Resellers often have limited marketing resources
A majority of resellers (although there’s some larger ones) have challenges with marketing, many are small or medium size businesses that have strong competency in service delivery, but lean on the larger vendors to setup marketing initiatives and programs to help them.
When it comes to social media, this can go one of two ways, some small companies, strapped for resources have already started to use these cost-effective tools to communicate to their clients. On the other hand, these resource limited companies won’t have the time to even think about ‘new media’ ways of marketing themselves.
The fact of the matter is that social media tools are cost-effective when used correctly, but could cost hundreds more when used incorrectly –often in the form of brand backlash.
Four Impacts of Social Media on Channel Marketing and Partner Marketing”
1) Internal Vendor Training and Support
Vendors can benefit from training their Channel sales groups, and support teams by creating internal blogs, podcasts, to teach internal staff how to better communicate and work with channel partners.
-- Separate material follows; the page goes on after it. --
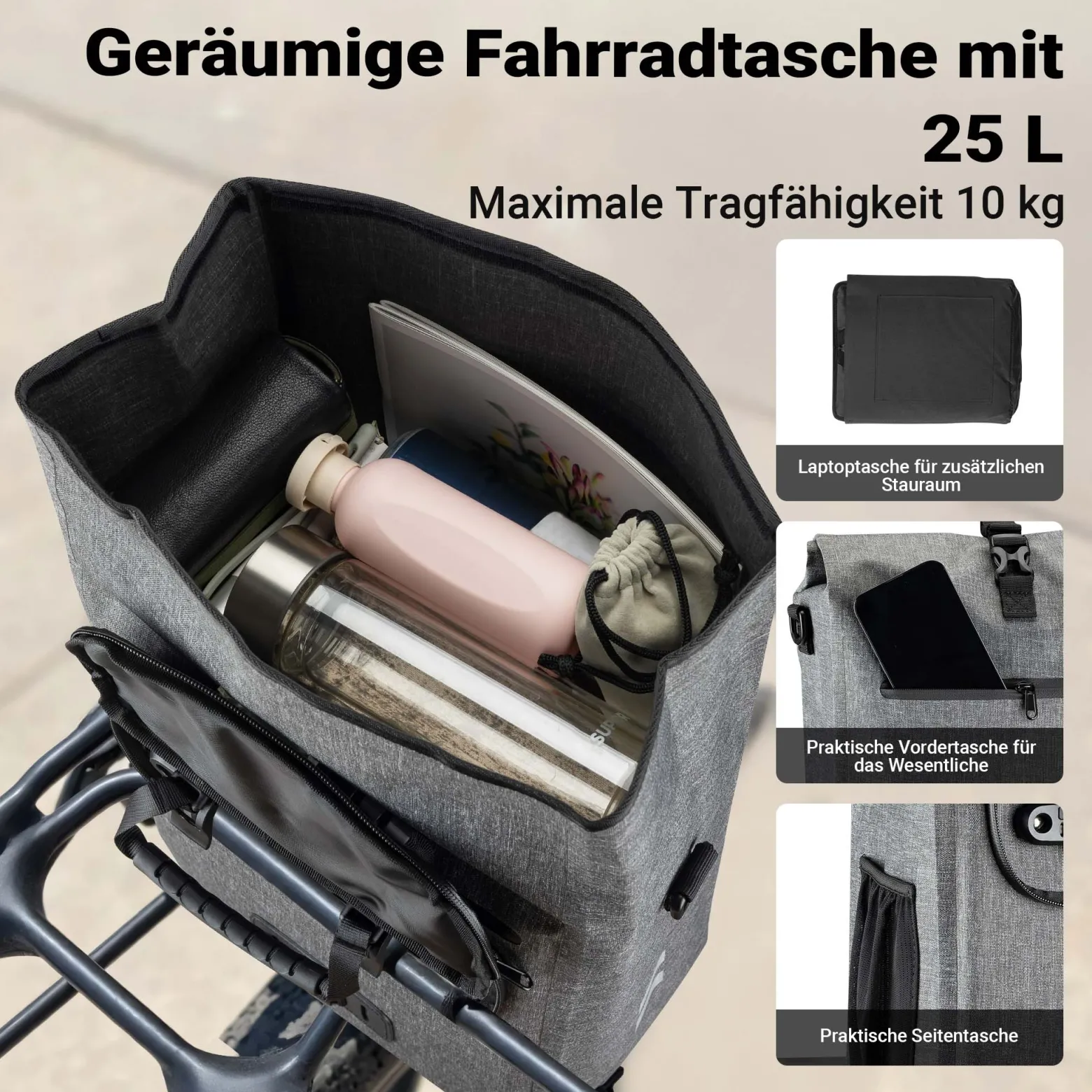 Wiltec Gepäckträgertasche grau, Fahrradtasche Rucksack 25 l Stauraum, Gepäcktasche mit Laptopfach, wasserresistente Fahrrad Tasche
Along these lines include fulfillment and support, where collaboration and community tools could help harvest, manage, and deliver key information to teams.
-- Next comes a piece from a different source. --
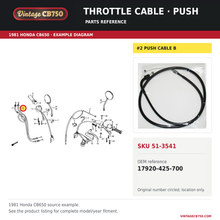 Charger l'image dans la galerie, Honda CB650 CB650C throttle cable push 17920-425-700 — OEM fiche location reference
2) Vendor to Partner Communications
Perhaps the first seen effort is to use these tools as a way to better communicate to partners. Tools such as blogs and podcasts are great for talking to your partner base, but don’t forget about letting them cross-communicate to each other by using community tools. The better your partners are at reselling your products, they better off you are. It’s expected there will be some needs for permissions and rules of engagement as many partner are competitors.
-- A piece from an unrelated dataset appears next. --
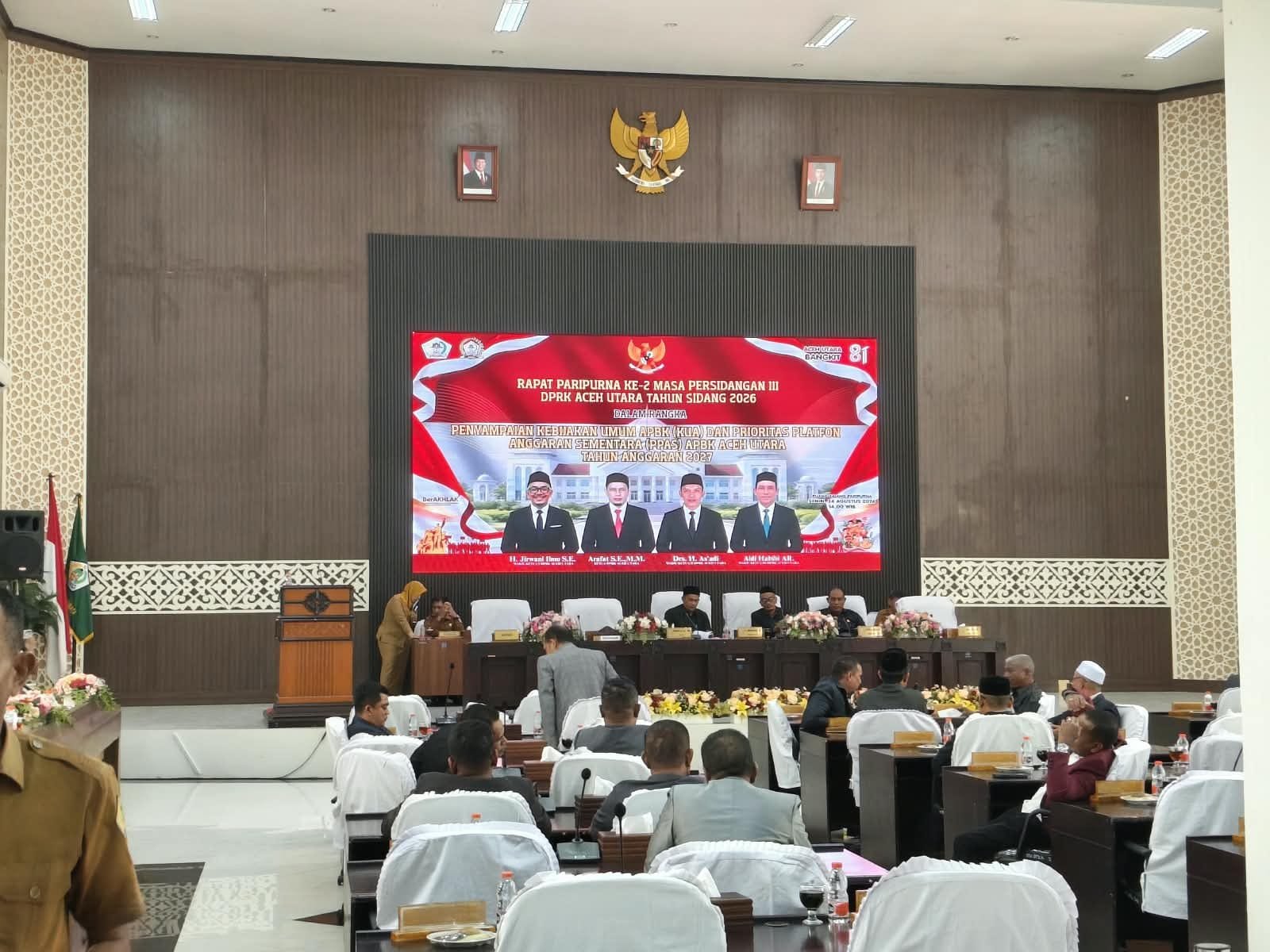 Pemkab Aceh Utara Sampaikan Rancangan KUA-PPAS 2027 dan LPJ 2025 ke DPRK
3) Partner to Customer though Empowerment
The resource restricted partner is going to be happy to receive help from the vendor to market their products, and often they already have content that is re-syndicated on their website such as brochures, case studies, and white papers. Now, start thinking about how to create media (audio video) that could have a pre-roll with your partners name on it, and then embedded on their site. This would include RSS news feeds what could help populate their website with freshly updated content. Lastly, consider social media training sessions that teach them how to fish. As the vendor and partner groups start to cross-link all boats start to rise as the conversation gets passed from one company to another.
4) Vendor to Customer
Lastly, vendors should use the opportunity to discuss from their own social media activities the great things their partners are doing to satisfy clients. While it’s sometimes difficult to remain non-partisan, discussing issues, challenges, and solutions that partners are doing in an non-biased way from blogs, forums, communities, and podcasts could spark discussion that could lead to further sales.
In summary, there’s quite a few ways these tools can be used to improve the triangular relationship between vendors, partners, and customers. You’ll often need to find an internal resource dedicated to these new media efforts, and you may require outside help to train, establish a program and conduct workshops. I’m sure you’ll find the right mix.